BlackWaspTM

This web site uses cookies. By using the site you accept the cookie policy.This message is for compliance with the UK ICO law.

LINQ
.NET 3.5+

A LINQ Style Partition Operator

Sometimes a sequence of values needs to be split into partitions, batches or chunks. This article describes an extension method that performs such an operation, accepting a collection of any type and returning a set of sequences from its contents.

Partitioning

Language-Integrated Query (LINQ) provides several standard query operators that allow you to partition a sequence. These include Take and Skip, which split a sequence into two parts and return a new series containing the elements from one of those parts.

In this article we'll create a new partitioning operator that will allow you to break a sequence into a number of parts and return all of these parts as a new sequence of sequences. The operator will generate sequences that are all of a specified size, except for the final set, which may be shorter. The elements in the sequences will appear in the same order as in the source collection.
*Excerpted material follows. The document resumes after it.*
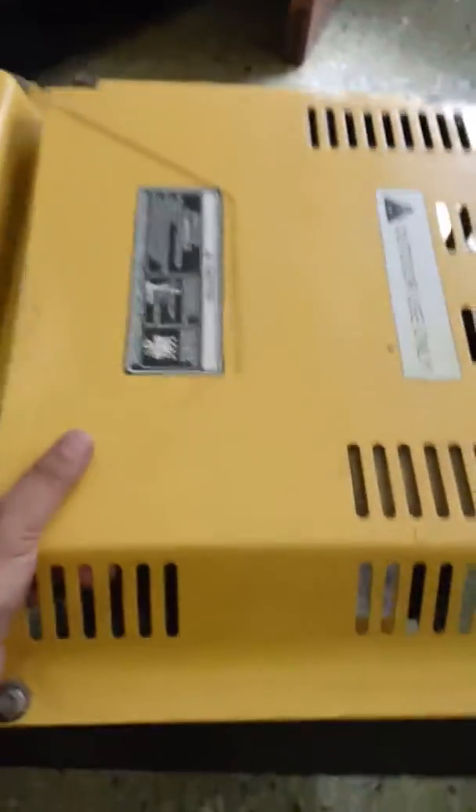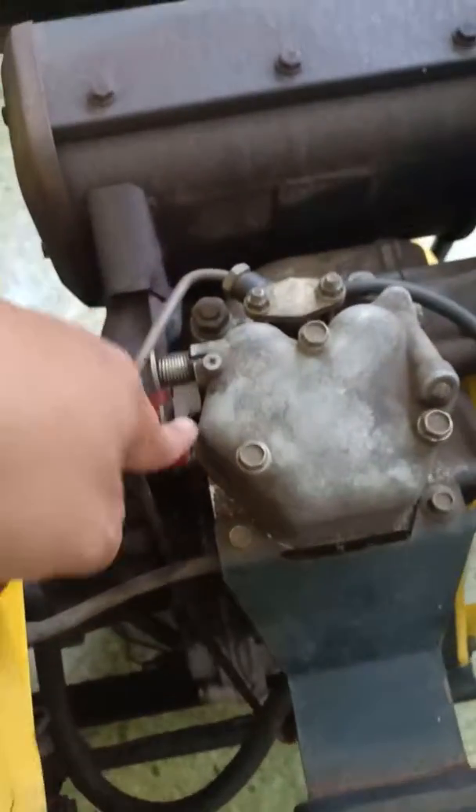You can open this. This is the choke. If you try to start it, use it from here.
For example, the numbers from one to ten may be partitioned into sequences of three items. The first returned sequence would contain the values from one to three. The second would hold the numbers four to six. The third sequence would hold seven to nine and the final sequence would contain just the ten.

Creating the Class

We'll be creating the Partition operator as an extension method so that it behaves in a similar manner to the standard query operators. For this we need a static class:

public static class PartitionExtensions
{
}

Creating the Extension Method

The new operator should work with any sequence that implements IEnumerable<T>, so the first parameter accepts this data type and is decorated with the this keyword. The only other argument will be used to specify the number of items in each of the resultant partition sequences. The method returns a sequence of sequences, each of the IEnumerable<T> type, so the return type is IEnumerable<IEnumerable<T>>.

To allow us to validate the parameters immediately that calls to Partition are encountered, the method checks that the sequence is not null and that the provided size is sensible. It then calls another private method, PartitionImpl.
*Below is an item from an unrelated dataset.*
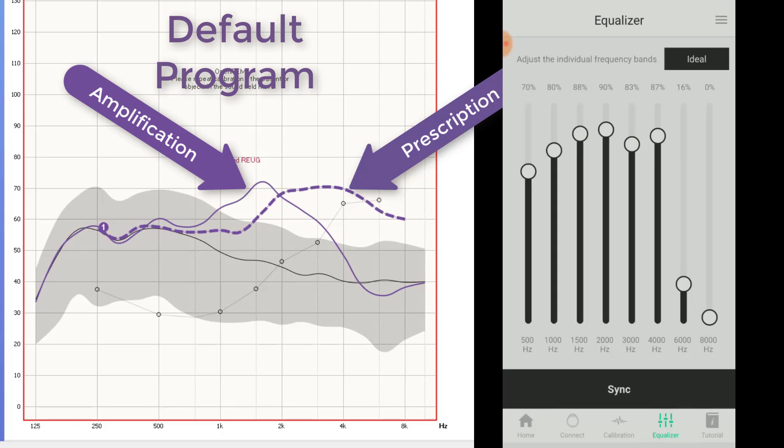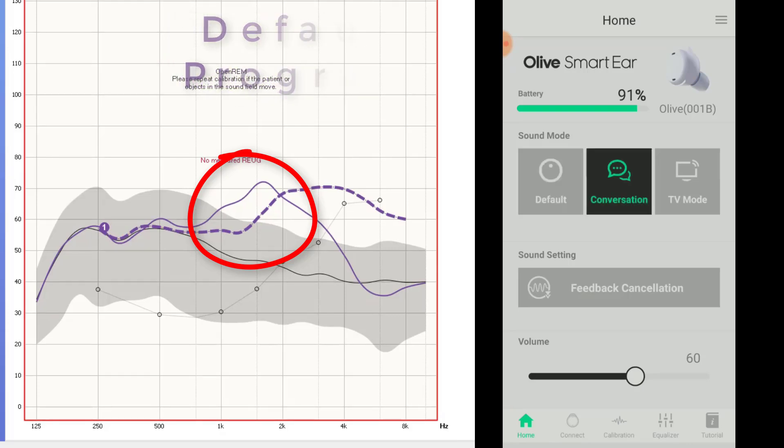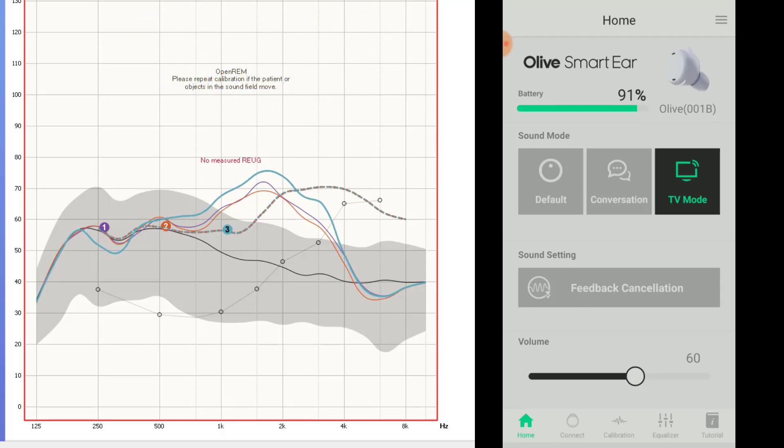We can see that this device primarily amplifies in the mid-frequency range around 1,750 hertz. Switching to the background noise-reducing conversation mode, indicated by the solid red line, it slightly removes some amplification throughout the frequency range. Typically we would expect to see low frequencies reduced for a noise reduction program, which we do not see here. The TV mode, indicated by the solid green line, provides an overall boost to all sound. When evaluating these three settings for someone with a high-frequency hearing loss, we can see that the device does not meet the prescription in the high frequencies for this type of loss.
public static IEnumerable<IEnumerable<T>> Partition<T>(
        this IEnumerable<T> sequence, int size)
{
    if (sequence == null) throw new ArgumentNullException("sequence");
    if (size <= 0) throw new ArgumentException("Partition size must be one or greater");

    return PartitionImpl(sequence, size);
}

Adding the Iterator Method

We can now add PartitionImpl. This iterator method breaks the source sequence into partitions and provides deferred execution; each sub-sequence will only be generated as it is read from the results.

Start by adding the signature for the method. It is identical to the signature of Partition, except for the name and the absence of the this keyword, as we do not want to create another extension method.
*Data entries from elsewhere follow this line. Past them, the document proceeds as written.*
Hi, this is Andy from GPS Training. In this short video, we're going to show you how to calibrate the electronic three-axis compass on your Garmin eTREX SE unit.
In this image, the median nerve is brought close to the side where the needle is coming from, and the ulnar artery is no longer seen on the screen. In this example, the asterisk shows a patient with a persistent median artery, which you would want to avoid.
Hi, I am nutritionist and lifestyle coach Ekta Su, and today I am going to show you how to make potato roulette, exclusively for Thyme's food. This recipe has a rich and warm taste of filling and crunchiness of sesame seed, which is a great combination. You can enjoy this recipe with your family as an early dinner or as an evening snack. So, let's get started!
private static IEnumerable<IEnumerable<T>> PartitionImpl<T>(
    IEnumerable<T> sequence, int size)
{
}

We'll build the partitions in an array of the correct size. This array will act as a buffer that fills up as we enumerate the source data. Once full, the buffer will be returned. To create the array and a pointer that will be used whilst filling the buffer, add the following variables to the PartitionImpl method. Note that we start with the partition buffer set to null. We'll be creating the buffer arrays later.

T[] partition = null;
int pointer = 0;

We can now perform the enumeration of the source sequence. In the code below you can see that we start by getting an enumerator and then use a while loop to process all of the items from the sequence. Within the loop we create a new buffer array for the next partition's items, if no array is yet set. We'll create a new buffer each time the old one gets full.

The next three lines of code copy an element of the source data into the correct position in the buffer before advancing the pointer. If the pointer reaches the maximum size for a partition it is reset by the modulus operator.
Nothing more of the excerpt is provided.